American computational fluid dynamicist

Francine Battaglia is an American mechanical engineer specializing in computational fluid dynamics, including the study of fluidized beds and of fire, fire whirls, and flame spread. Her other research interests include ventilation and energy usage in architectural design, and alternative and renewable energy systems. She is professor and chair in the Department of Mechanical and Aerospace Engineering of the University at Buffalo, where she directs the Advanced Simulations for Computing Energy Transport (ASCENT) Laboratory.

==Education==
Battaglia studied mechanical engineering at the University at Buffalo, graduating in 1991 and continuing there for a master's degree in aerospace engineering in 1992. She completed her Ph.D. in mechanical engineering at Pennsylvania State University in 1997.

== Career ==
After working as a lecturer at Pennsylvania State University and a postdoctoral mechanical engineering researcher at the National Institute of Standards and Technology, she started her work in academia as an assistant professor at Iowa State University in 1999. She was tenured as an associate professor in 2005, also becoming director of the university's Center for Building Energy Research. She moved to Virginia Tech in 2007, becoming a professor there in 2017. Shortly after which Battaglia got a professor position back at her at her first college, the University at Buffalo. She became the department chair of mechanical and aerospace engineering there in 2020.

Battaglia is the director of the ASCENT Laboratory whose research focuses on fluidization technology and building energy. The fluidization technology includes gasification of coal and biomass, chemical vapor deposition of coat nuclear fuel and bubbling beds to create synthesis gas. Their other research focus, building energy, is on the building codes and the construction of energy efficient residential homes, installing ground coupled heat pumps and air conditioning for gasification process.

She chaired the Fluids Engineering Division of the American Society of Mechanical Engineers (ASME) for 2013. She was editor-in-chief of the ASME Journal of Fluids Engineering from 2017 until 2025.

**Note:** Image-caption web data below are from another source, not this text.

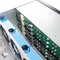 Fantec SRC-4240X07, 4HE Vorschaubild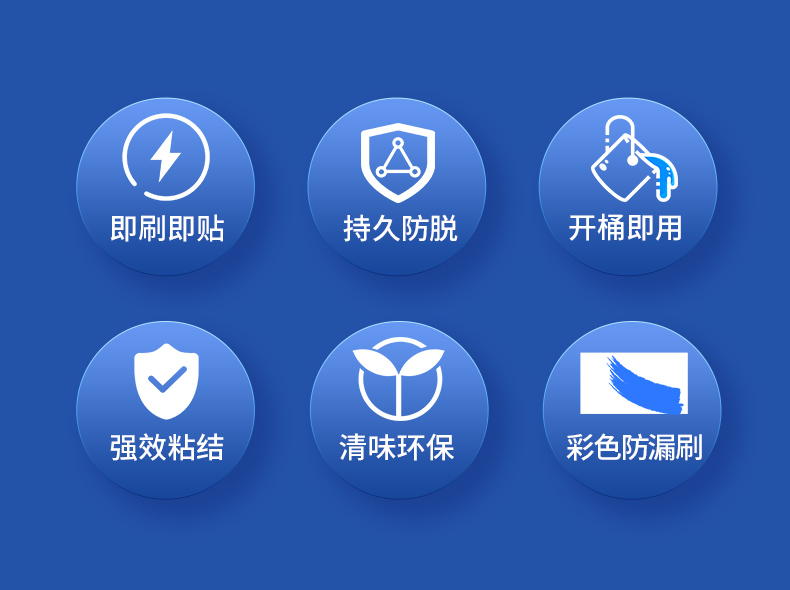 mg������Ե(�й�)�ٷ���վ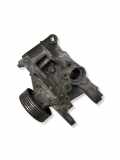 Wasserpumpe SMART FORTWO Coupe (450) 0.8 CDI (450.300, 450.301, 450.302, 450.303, 450.306) 220003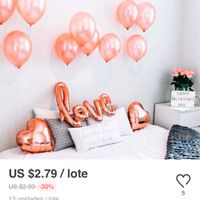 Chollazos por Aliexpress - 3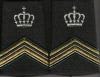 Bestandsnaam=serg_1_instructeur.JPG
Bestandsgrootte=15KiB
Afmetingen = 265x206
Datum toegevoegd = 25 okt 2006 serg_1_instructeur.JPG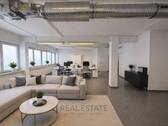 2.jpg - 2 Zimmer Büro zur Miete in Hamburg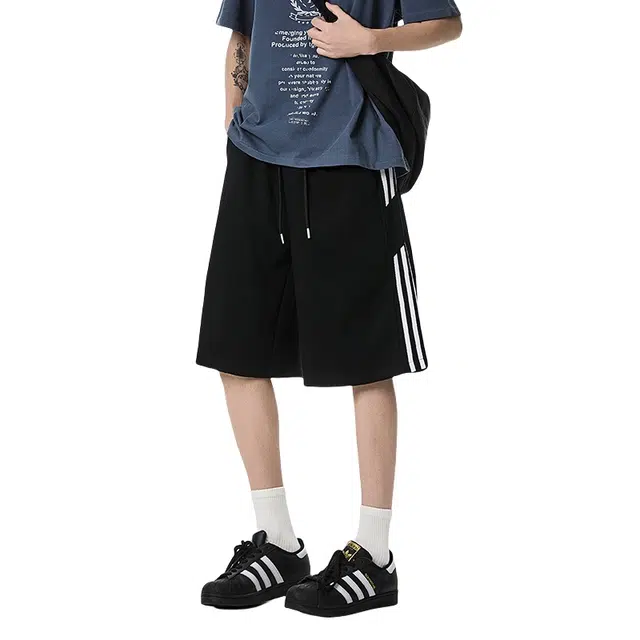 CTIDESTRAW cleanfit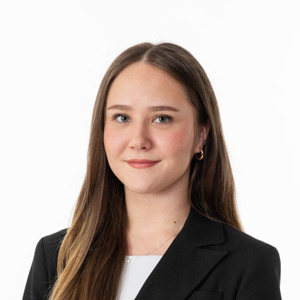 Hilma Vesamäki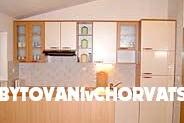 Appartements Andabaka – foto 6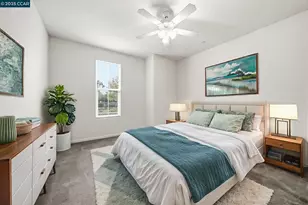 4213 Hovnanian Dr, Sacramento, CA 95834 - Photo 17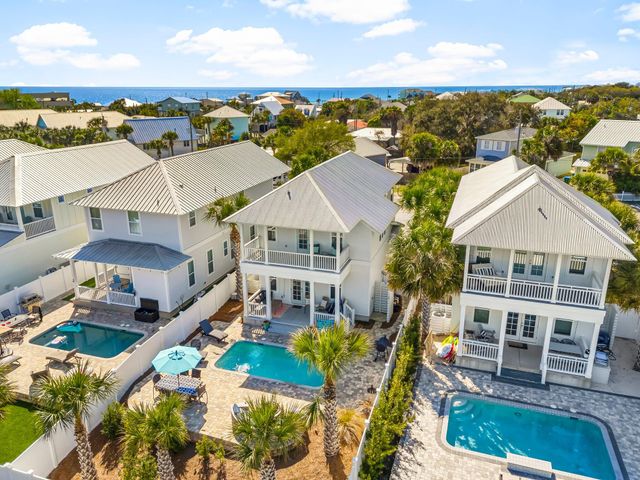 217 Sands Street, Panama City Beach, FL 32413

She was president for the American Society of Thermal and Fluids Engineers (ASTFE) from 2023 to 2025.

== Books ==
Battaglia is coauthor of Designing Spaces for Natural Ventilation: An Architect's Guide (with U. Passe, Taylor & Francis, 2015). She is coeditor of Modeling and Simulation of Turbulent Mixing and Reaction For Power, Energy and Flight (with Livescu, Nouri, and Givi, Springer, 2020).

== Recognition ==
Battaglia was named a Fellow of the ASME in 2009, and a Fellow of ASTFE,"for fundamental contributions to the science and technology of building energy utilization and renewable/alternative energy, and turbulent multiphase and reacting flows; exemplary contributions in research, education and service to the thermal fluids engineering fields; and through distinguished leadership within ASTFE and ASME", in 2019.

She was recognized four times by the ASME Board of Governors for service as the FED Chair in July 2014, the IMECE Program Vice Chair in November 2015, the IMECE Program Chair in November 2016 and the IMECE Conference Chair in November 2017.